Question

HELP!

Answer 1

Factor the numerator. Factor the denominator. Cancel the common factors.

Answer 2

\[\frac{ 2x ^{3} - 2x ^{2} -12x }{ x ^{4} - 2x ^{3} -8x ^{2} }\]

Answer 3

I think it's easier if you write it in this format. Then do what Mertsj suggests.

Answer 4

@just.chris Is B correct?

Answer 5

are you able to factor the top and bottom ?

Answer 6

@phi I am kind of struggling :(

Answer 7

let's factor the bottom expression
\[ x ^{4} - 2x ^{3} -8x ^{2} \]

the first thing to do is look for letters or numbers that are the same in each term
remember x^4 means x*x*x*x and x^3 means x*x*x
so this is the same as
x*x*x*x - 2*x*x*x -8*x*x

do you see you can "factor out" a x*x from each term?

Answer 8

yes

Answer 9

what do you get ?

Answer 10

x^2( x^2 - 2x - 8)

Answer 11

Is it correct?

Answer 12

u can use freemathhelp.com that will help you and sometimes that will explain

Answer 13

yes, now we factor the quadratic
x^2 -2x-8

to do this, list all the pairs of factors of 8:
1,8
2,4

next, the minus sign on the 8 means the factors will have opposite signs
the -2 (in front of the x) means the bigger factor is negative.

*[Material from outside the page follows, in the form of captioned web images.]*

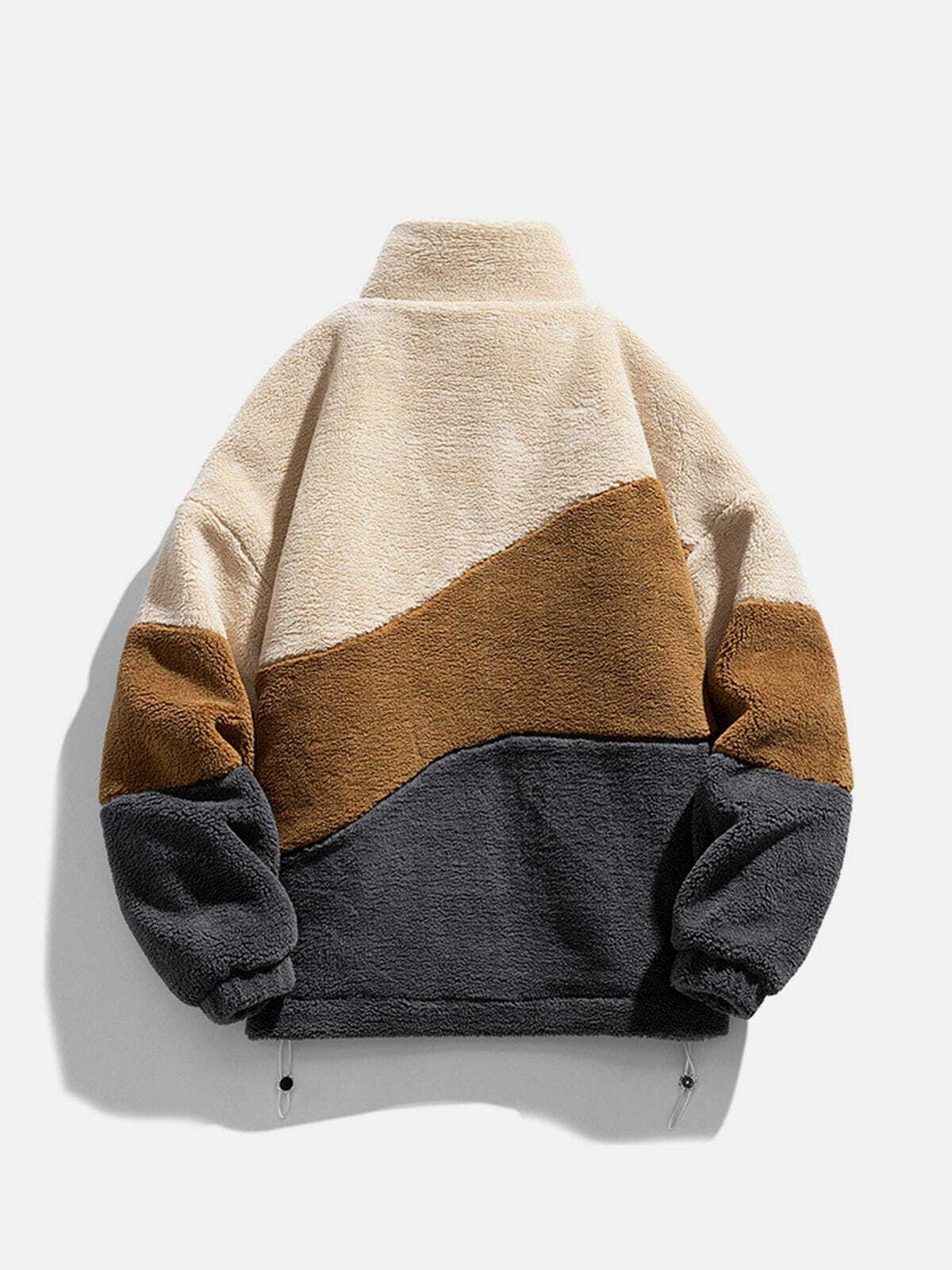 Cozy Patchwork Sherpa Winter Coat - Y2K Aesthetic, Grunge Style, Comfy Layering Essential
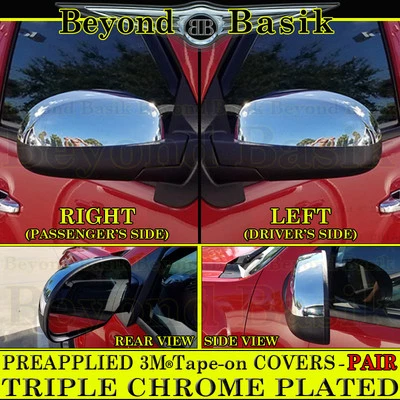 2007-12 2013 2014 CHEVY TAHOE SUBURBAN AVALANCHE Top Half Chrome Mirror COVERS - Image 1 of 2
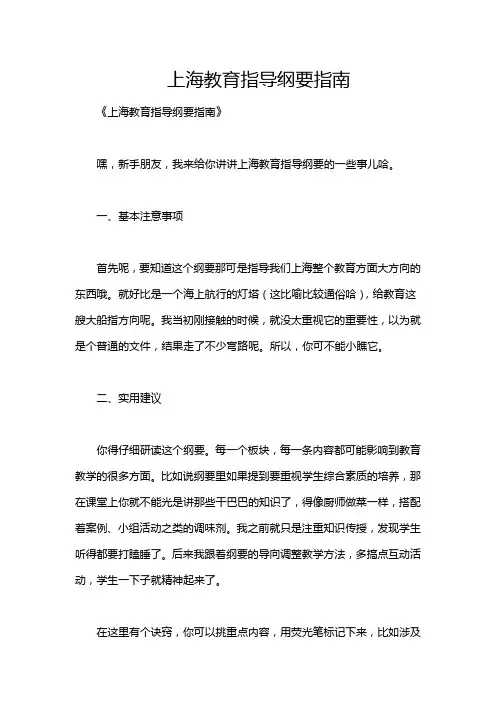 上海教育指导纲要指南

so our choices are 1 and -8
and 2 and -4
when we add them, one of these pairs has to give us -2

which pair do we choose ?

Answer 14

2 and -4

Answer 15

so the naswer is

Answer 16

so 2 and -4 are the pair that means the factors of this quadratic is (x+2)(x-4)

all together we have
x^2( x^2 - 2x - 8) = x^2 (x+2) (x-4)

Answer 17

now we can tackle the top
\[2x ^{3} - 2x ^{2} -12x\]

notice you can factor out a 2 and an x

Answer 18

Yes so it is 2(x-3)/ x(x-4)

Answer 19

if you just want the answer, just use wolfram. If you want to learn how to do it, then you have to practice.

Answer 20

Yes yes I want to learn how to do it! Now I understand it! THANK YOU!!!